I sometimes use a macro to approximate floor():
#define PSEUDO_FLOOR( V ) ((V) >= 0 ? (int)(V) : (int)((V) - 1))
It does not behave exactly as floor(): for example, floor(-1) == -1 but PSEUDO_FLOOR(-1) == -2, but it's close enough for most uses.
An actually branchless version that requires a single conversion between floating point and integer domains would shift the value x to all positive or all negative range, then cast/truncate and shift it back.
long fast_floor(double x)
{
const unsigned long offset = ~(ULONG_MAX >> 1);
return (long)((unsigned long)(x + offset) - offset);
}
long fast_ceil(double x) {
const unsigned long offset = ~(ULONG_MAX >> 1);
return (long)((unsigned long)(x - offset) + offset );
}
As pointed in the comments, this implementation relies on the temporary value x +- offset not overflowing.
On 64-bit platforms, the original code using int64_t intermediate value will result in three instruction kernel, the same available for int32_t reduced range floor/ceil, where |x| < 0x40000000 --
inline int floor_x64(double x) {
return (int)((int64_t)(x + 0x80000000UL) - 0x80000000LL);
}
inline int floor_x86_reduced_range(double x) {
return (int)(x + 0x40000000) - 0x40000000;
}
They do not do the same thing. floor() is a function. Therefore, using it incurs a function call, allocating a stack frame, copying of parameters and retrieving the result.
Casting is not a function call, so it uses faster mechanisms (I believe that it may use registers to process the values).
Probably floor() is already optimized.
Can you squeeze more performance out of your algorithm? Maybe switching rows and columns may help? Can you cache common values? Are all your compiler's optimizations on?
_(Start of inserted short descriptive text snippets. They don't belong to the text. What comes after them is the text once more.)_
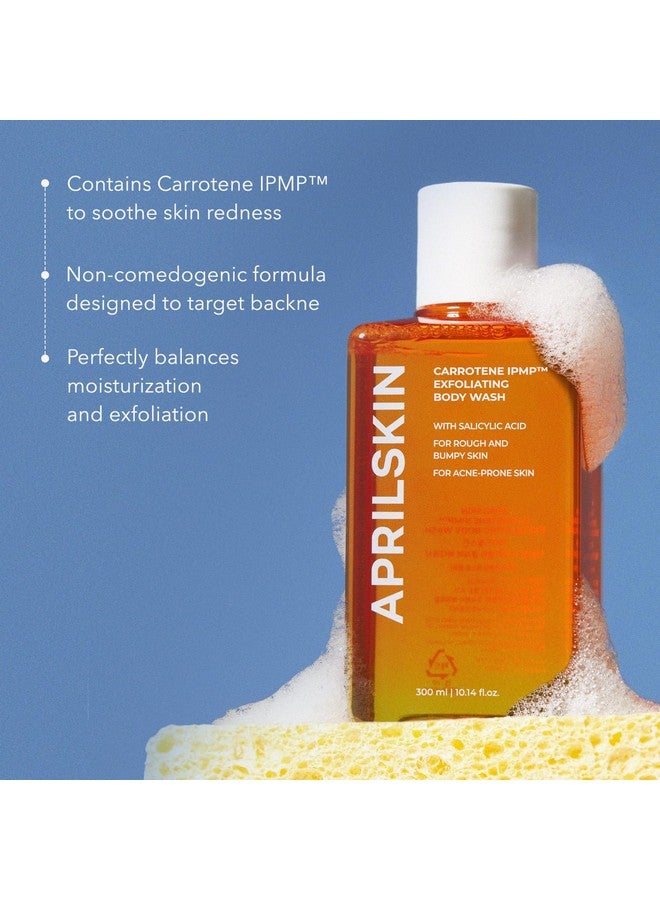 APRILSKIN Carrotene IPMP™ Exfoliating Body Wash | Salicylic Acid Body Wash Improve Rough & Bumpy Skin, Body Acne, Keratosis Pilaris with Niacinamide & Ceramides | Vegan & Cruelty-free | 10.14 fl.oz - Image 3
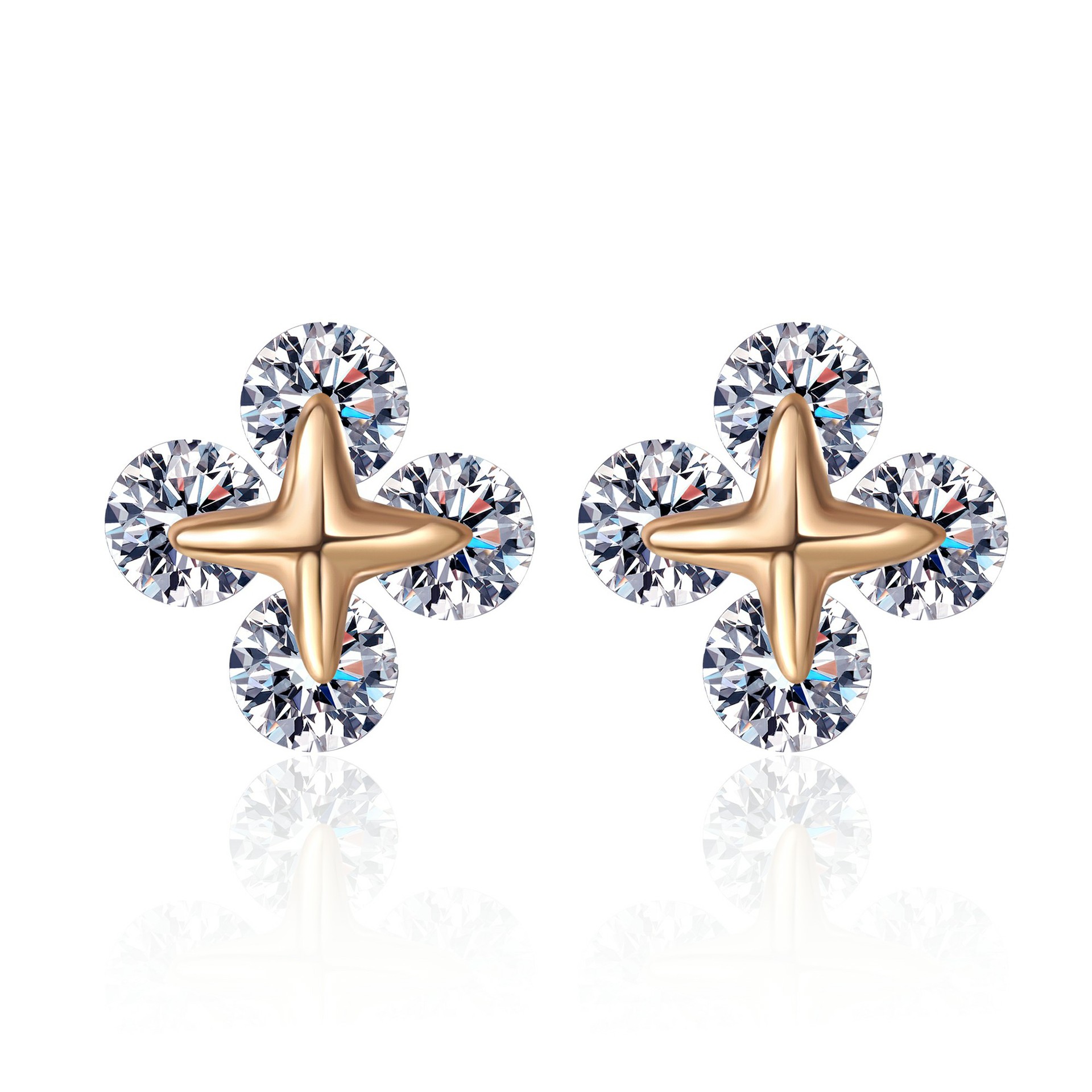D Color Moissanite Star Hoop Earrings In 925 Sterling Silver_voghion.com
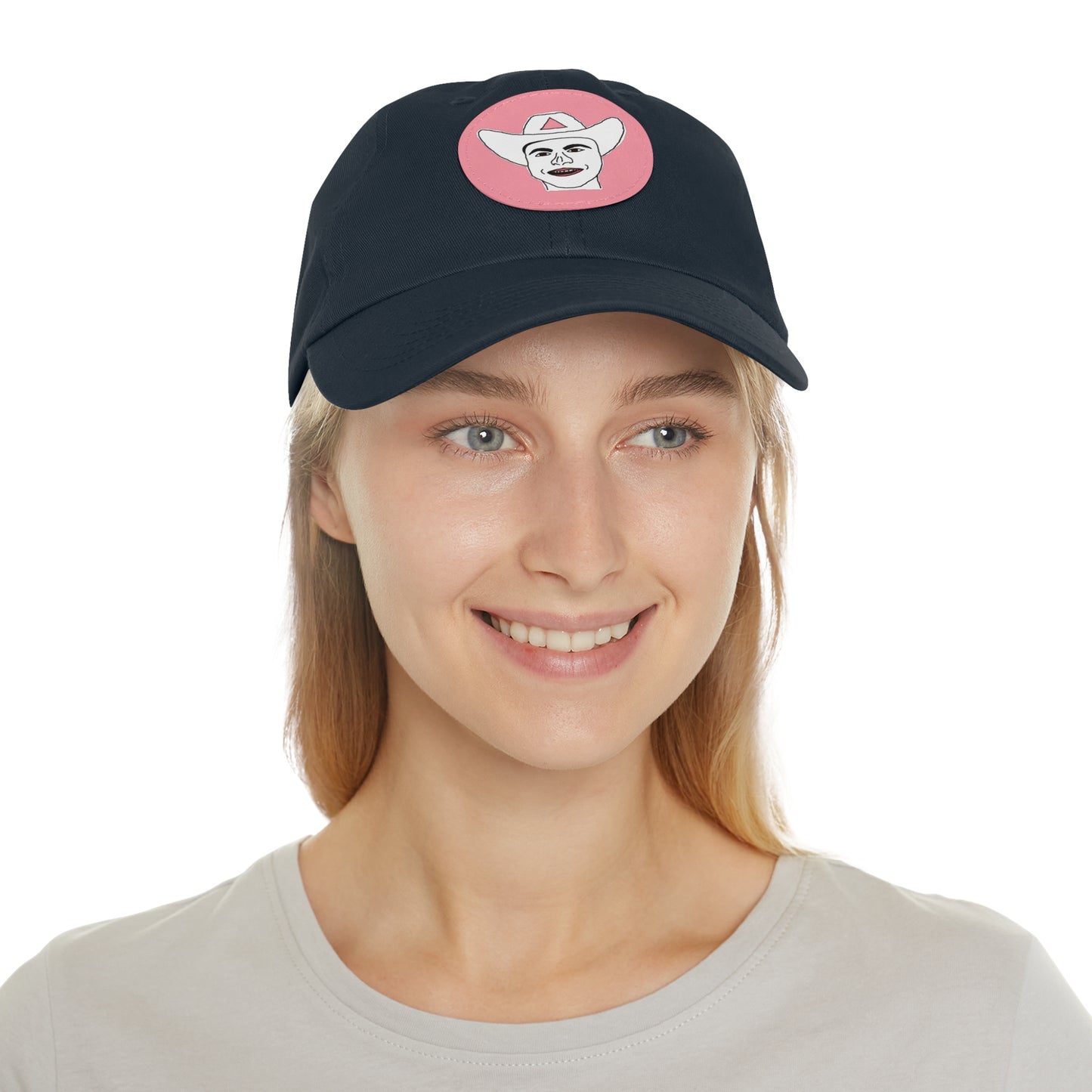 TROL Dad Hat with Leather Patch (Round)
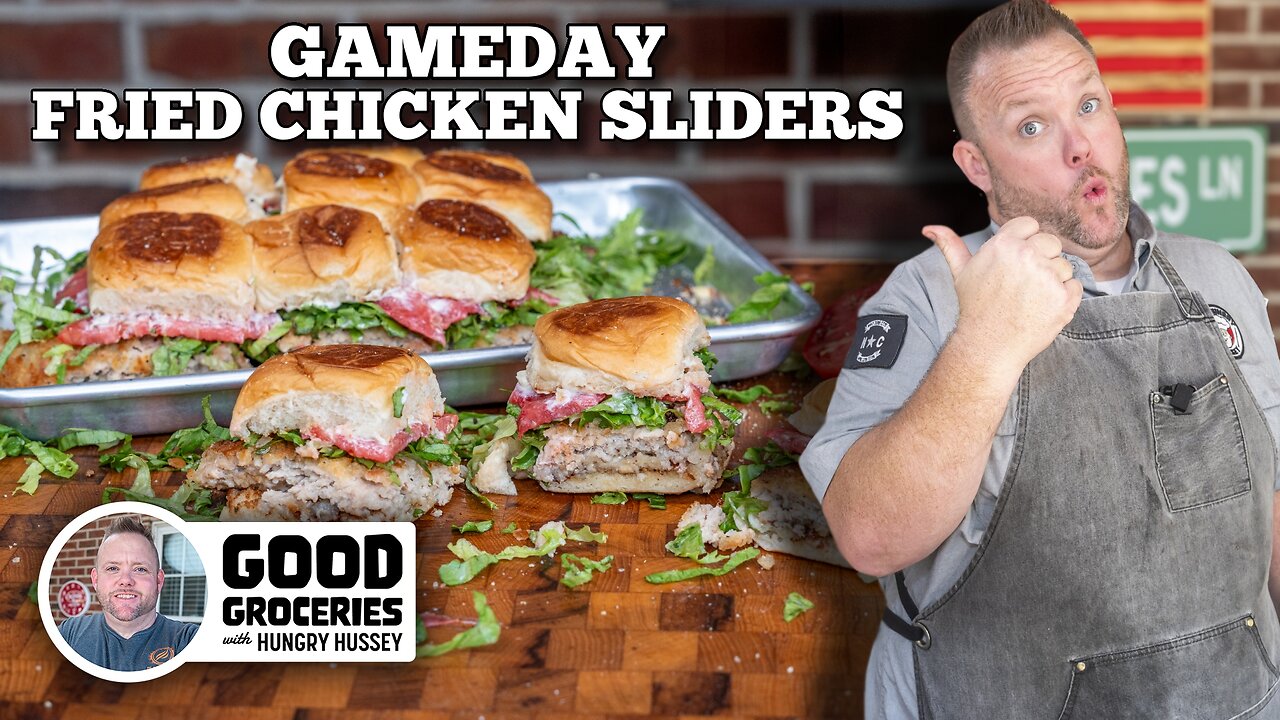 Gameday Fried Chicken Sliders on the Blackstone Griddle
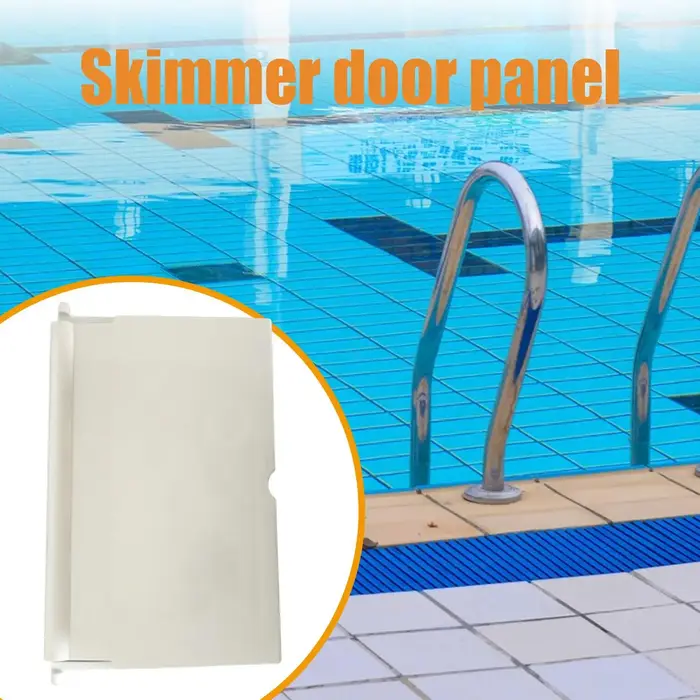 Remplacement de porte d'écumoire de piscine avec rabat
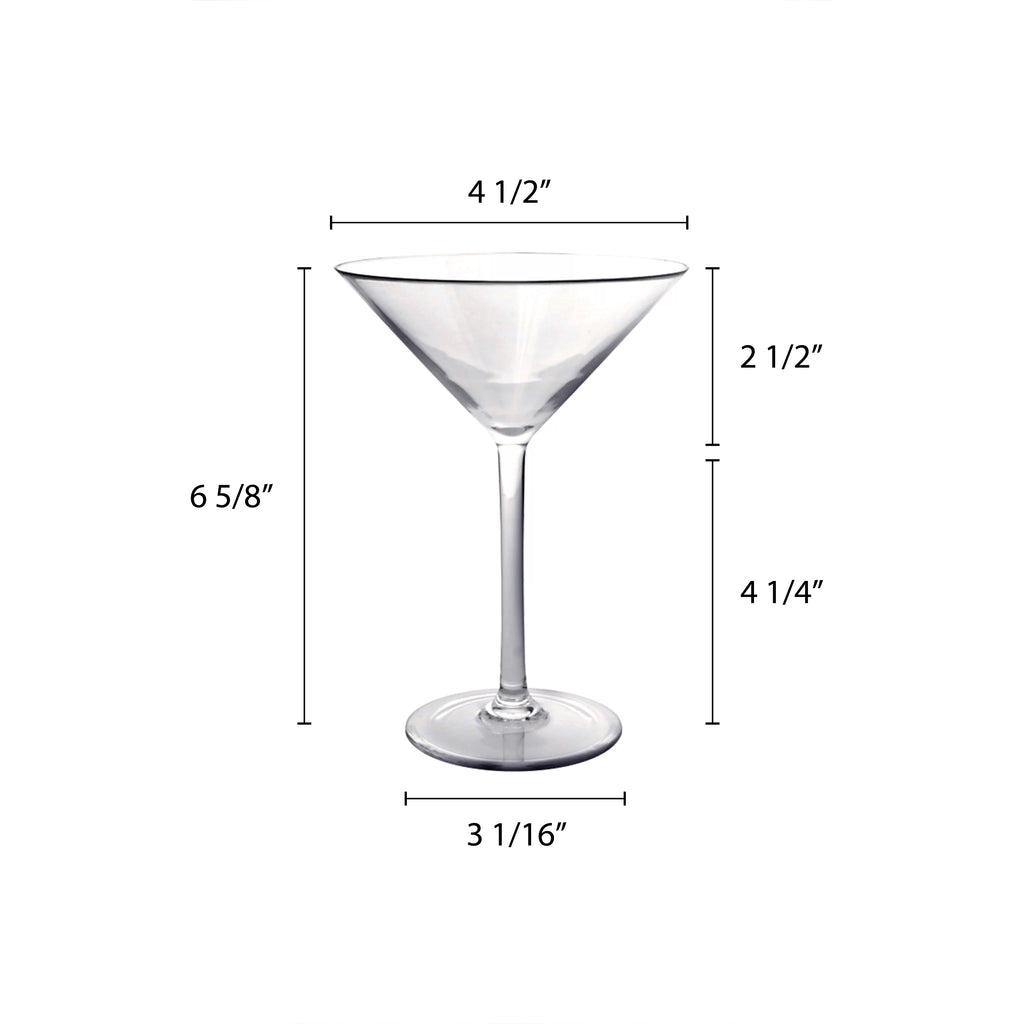 Excellante 8 oz Polycarbonate Martini Glass, Clear W6174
Can you switch an operating system? a compiler?
Jon Bentley's Programming Pearls has a great review of possible optimizations.
Fast double round
double round(double x)
{
return double((x>=0.5)?(int(x)+1):int(x));
}
Terminal log
test custom_1 8.3837
test native_1 18.4989
test custom_2 8.36333
test native_2 18.5001
test custom_3 8.37316
test native_3 18.5012
Test
void test(char* name, double (*f)(double))
{
int it = std::numeric_limits<int>::max();
clock_t begin = clock();
for(int i=0; i<it; i++)
{
f(double(i)/1000.0);
}
clock_t end = clock();
cout << "test " << name << " " << double(end - begin) / CLOCKS_PER_SEC << endl;
}
int main(int argc, char **argv)
{
test("custom_1",round);
test("native_1",std::round);
test("custom_2",round);
test("native_2",std::round);
test("custom_3",round);
test("native_3",std::round);
return 0;
}
Result
Type casting and using your brain is ~3 times faster than using native functions.